#### Task brief:
Every line from the beginning of the data through the line containing "How the CozyRider™" should be reproduced exactly, and no further lines should be output.

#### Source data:
-*-*-
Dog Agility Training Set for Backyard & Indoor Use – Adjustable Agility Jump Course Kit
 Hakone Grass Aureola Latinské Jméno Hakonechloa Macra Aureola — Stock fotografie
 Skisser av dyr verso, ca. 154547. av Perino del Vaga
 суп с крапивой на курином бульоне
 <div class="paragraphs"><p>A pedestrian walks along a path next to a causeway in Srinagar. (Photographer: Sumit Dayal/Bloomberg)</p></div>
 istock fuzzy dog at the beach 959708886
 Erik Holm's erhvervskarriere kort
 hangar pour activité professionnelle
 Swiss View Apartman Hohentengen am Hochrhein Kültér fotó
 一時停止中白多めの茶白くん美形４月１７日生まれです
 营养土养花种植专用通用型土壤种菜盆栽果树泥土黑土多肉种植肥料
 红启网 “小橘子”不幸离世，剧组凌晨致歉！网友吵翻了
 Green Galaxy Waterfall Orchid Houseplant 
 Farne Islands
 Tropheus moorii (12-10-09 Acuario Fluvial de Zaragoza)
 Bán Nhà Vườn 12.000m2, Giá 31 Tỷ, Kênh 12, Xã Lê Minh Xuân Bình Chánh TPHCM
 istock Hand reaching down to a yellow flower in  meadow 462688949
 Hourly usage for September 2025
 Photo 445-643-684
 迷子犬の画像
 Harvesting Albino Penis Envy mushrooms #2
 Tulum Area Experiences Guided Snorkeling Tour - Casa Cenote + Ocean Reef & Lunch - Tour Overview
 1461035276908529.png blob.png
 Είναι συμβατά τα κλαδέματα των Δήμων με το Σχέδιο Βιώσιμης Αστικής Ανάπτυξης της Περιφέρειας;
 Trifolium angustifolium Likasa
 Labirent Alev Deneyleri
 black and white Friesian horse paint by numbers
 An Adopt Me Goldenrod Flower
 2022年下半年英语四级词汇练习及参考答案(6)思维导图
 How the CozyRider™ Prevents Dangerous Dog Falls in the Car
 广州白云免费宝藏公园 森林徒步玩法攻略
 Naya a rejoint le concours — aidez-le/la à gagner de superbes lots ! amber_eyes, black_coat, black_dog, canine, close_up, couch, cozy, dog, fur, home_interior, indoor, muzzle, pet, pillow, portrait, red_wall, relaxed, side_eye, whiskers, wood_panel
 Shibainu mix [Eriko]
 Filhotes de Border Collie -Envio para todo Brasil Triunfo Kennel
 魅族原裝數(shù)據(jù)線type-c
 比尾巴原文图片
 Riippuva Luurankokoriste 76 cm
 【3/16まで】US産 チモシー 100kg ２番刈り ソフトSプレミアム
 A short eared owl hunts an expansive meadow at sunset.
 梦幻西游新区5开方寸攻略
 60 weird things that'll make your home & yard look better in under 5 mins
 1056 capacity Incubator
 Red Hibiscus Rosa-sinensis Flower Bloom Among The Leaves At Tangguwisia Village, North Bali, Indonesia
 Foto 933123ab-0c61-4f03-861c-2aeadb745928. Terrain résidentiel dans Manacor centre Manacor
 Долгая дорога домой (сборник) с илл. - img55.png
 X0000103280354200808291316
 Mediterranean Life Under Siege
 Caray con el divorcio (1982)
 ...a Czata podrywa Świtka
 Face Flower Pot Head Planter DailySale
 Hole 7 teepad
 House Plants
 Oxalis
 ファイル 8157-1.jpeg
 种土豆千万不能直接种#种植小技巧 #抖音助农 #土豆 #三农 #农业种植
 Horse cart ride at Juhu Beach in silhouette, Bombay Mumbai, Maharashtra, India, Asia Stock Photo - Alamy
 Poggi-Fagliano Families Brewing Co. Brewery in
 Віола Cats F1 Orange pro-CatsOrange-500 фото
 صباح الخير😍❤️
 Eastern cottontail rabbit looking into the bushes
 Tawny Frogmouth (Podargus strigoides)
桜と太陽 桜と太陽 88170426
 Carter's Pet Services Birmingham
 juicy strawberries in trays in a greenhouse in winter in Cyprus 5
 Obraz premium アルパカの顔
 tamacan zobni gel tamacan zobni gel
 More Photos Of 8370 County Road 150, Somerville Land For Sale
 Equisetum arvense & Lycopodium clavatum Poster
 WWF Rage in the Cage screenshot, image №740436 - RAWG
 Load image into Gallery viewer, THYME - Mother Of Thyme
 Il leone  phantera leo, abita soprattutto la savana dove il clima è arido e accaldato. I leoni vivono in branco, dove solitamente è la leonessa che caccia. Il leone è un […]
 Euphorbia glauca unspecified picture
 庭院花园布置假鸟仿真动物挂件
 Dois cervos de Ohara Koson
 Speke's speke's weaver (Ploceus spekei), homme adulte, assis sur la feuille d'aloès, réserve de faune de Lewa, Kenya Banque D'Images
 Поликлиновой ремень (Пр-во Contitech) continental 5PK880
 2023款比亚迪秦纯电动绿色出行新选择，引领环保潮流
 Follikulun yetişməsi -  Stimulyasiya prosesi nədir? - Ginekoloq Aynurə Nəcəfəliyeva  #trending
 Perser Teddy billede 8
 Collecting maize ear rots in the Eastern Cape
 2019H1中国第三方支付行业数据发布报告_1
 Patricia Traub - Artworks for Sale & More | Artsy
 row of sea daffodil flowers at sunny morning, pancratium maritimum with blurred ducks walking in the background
-*-*-
#### Task answer:
Dog Agility Training Set for Backyard & Indoor Use – Adjustable Agility Jump Course Kit
 Hakone Grass Aureola Latinské Jméno Hakonechloa Macra Aureola — Stock fotografie
 Skisser av dyr verso, ca. 154547. av Perino del Vaga
 суп с крапивой на курином бульоне
 <div class="paragraphs"><p>A pedestrian walks along a path next to a causeway in Srinagar. (Photographer: Sumit Dayal/Bloomberg)</p></div>
 istock fuzzy dog at the beach 959708886
 Erik Holm's erhvervskarriere kort
 hangar pour activité professionnelle
 Swiss View Apartman Hohentengen am Hochrhein Kültér fotó
 一時停止中白多めの茶白くん美形４月１７日生まれです
 营养土养花种植专用通用型土壤种菜盆栽果树泥土黑土多肉种植肥料
 红启网 “小橘子”不幸离世，剧组凌晨致歉！网友吵翻了
 Green Galaxy Waterfall Orchid Houseplant 
 Farne Islands
 Tropheus moorii (12-10-09 Acuario Fluvial de Zaragoza)
 Bán Nhà Vườn 12.000m2, Giá 31 Tỷ, Kênh 12, Xã Lê Minh Xuân Bình Chánh TPHCM
 istock Hand reaching down to a yellow flower in  meadow 462688949
 Hourly usage for September 2025
 Photo 445-643-684
 迷子犬の画像
 Harvesting Albino Penis Envy mushrooms #2
 Tulum Area Experiences Guided Snorkeling Tour - Casa Cenote + Ocean Reef & Lunch - Tour Overview
 1461035276908529.png blob.png
 Είναι συμβατά τα κλαδέματα των Δήμων με το Σχέδιο Βιώσιμης Αστικής Ανάπτυξης της Περιφέρειας;
 Trifolium angustifolium Likasa
 Labirent Alev Deneyleri
 black and white Friesian horse paint by numbers
 An Adopt Me Goldenrod Flower
 2022年下半年英语四级词汇练习及参考答案(6)思维导图
 How the CozyRider™ Prevents Dangerous Dog Falls in the Car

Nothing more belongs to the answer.